Ce qui rendait la querelle sur les images si vive et fit que, dans la suite, des gens sensés ne pouvaient pas proposer un culte modéré, c’est qu’elle était liée à des choses bien tendres : il était question de la puissance, et, les moines l’ayant usurpée, ils ne pouvaient l’augmenter ou la soutenir qu’en ajoutant sans cesse au culte extérieur, dont ils faisaient eux-mêmes partie. Voilà pourquoi les guerres contre les images furent toujours des guerres contre eux, et que, quand ils eurent gagné ce point, leur pouvoir n’eut plus de bornes.

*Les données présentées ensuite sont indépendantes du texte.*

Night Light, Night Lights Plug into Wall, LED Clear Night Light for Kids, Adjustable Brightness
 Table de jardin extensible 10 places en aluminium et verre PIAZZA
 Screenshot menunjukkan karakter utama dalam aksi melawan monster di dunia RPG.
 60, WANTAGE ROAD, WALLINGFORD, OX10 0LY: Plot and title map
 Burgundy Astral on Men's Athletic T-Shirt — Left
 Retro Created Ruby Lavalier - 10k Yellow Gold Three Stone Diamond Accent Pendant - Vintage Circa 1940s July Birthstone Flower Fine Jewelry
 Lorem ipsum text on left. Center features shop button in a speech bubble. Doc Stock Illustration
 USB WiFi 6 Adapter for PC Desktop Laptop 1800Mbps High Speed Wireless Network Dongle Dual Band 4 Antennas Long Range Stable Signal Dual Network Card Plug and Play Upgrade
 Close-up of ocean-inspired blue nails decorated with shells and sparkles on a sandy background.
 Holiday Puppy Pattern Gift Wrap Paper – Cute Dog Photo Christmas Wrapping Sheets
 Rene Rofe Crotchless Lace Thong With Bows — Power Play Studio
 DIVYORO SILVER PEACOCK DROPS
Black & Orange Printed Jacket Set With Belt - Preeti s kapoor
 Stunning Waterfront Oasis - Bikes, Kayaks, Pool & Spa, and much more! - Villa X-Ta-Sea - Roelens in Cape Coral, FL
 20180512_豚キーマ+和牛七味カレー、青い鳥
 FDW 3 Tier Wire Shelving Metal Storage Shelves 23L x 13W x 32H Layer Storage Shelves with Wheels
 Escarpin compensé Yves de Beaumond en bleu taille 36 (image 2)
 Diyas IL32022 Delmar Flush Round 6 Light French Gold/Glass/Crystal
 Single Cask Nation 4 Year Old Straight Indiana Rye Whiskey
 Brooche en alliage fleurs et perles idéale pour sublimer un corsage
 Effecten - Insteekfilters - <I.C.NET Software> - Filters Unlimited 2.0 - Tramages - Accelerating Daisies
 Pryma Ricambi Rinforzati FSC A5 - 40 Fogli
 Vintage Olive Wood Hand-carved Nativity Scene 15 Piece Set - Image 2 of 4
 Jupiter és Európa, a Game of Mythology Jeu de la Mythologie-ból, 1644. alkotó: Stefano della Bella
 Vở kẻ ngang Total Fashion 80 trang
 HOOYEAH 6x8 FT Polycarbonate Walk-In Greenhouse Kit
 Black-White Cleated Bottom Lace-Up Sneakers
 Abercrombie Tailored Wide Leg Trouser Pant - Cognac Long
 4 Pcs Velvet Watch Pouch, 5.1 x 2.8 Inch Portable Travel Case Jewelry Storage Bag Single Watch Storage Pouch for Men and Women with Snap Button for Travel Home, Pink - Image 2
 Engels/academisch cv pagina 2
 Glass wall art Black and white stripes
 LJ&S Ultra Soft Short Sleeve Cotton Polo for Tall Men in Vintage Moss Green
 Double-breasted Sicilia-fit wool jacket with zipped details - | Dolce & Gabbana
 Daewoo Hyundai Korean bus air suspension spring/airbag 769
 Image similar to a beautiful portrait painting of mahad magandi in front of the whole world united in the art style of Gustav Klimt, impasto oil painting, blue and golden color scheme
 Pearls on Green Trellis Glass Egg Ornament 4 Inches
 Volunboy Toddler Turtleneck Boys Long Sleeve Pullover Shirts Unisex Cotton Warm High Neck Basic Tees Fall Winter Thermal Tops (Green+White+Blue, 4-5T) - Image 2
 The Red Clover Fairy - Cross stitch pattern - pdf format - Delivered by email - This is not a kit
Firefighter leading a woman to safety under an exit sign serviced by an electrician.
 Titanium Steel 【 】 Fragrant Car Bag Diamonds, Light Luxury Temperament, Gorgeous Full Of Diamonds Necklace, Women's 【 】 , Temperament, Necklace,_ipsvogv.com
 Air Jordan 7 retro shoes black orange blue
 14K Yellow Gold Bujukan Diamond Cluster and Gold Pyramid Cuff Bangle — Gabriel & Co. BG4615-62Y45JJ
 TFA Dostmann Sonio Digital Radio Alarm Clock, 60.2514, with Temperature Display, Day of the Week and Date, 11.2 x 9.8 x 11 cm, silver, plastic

Il arriva pour lors ce que l’on vit quelques siècles après dans la querelle qu’eurent Barlaam et Acyndine contre les moines[2], et qui tourmenta cet empire jusqu’à sa destruction. On disputait si la lumière qui apparut autour de Jésus-Christ sur le Thabor était créée ou incréée. Dans le fond, les moines ne se souciaient pas plus qu’elle fût l’un que l’autre ; mais, comme Barlaam les attaquait directement eux-mêmes, il fallait nécessairement que cette lumière fût incréée.

La guerre que les empereurs iconoclastes déclarèrent aux moines fit que l’on reprit un peu les principes du gouvernement, que l’on employa, en faveur du public,

  1. Léon le Grammairien, Vie de Léon l’Arménien. Ibid. Vie de Théophile. Voyez Suidas, à l’article Constantin, fils de Léon. (M.)
  2. Contre les moines du mont Athos, en 1339.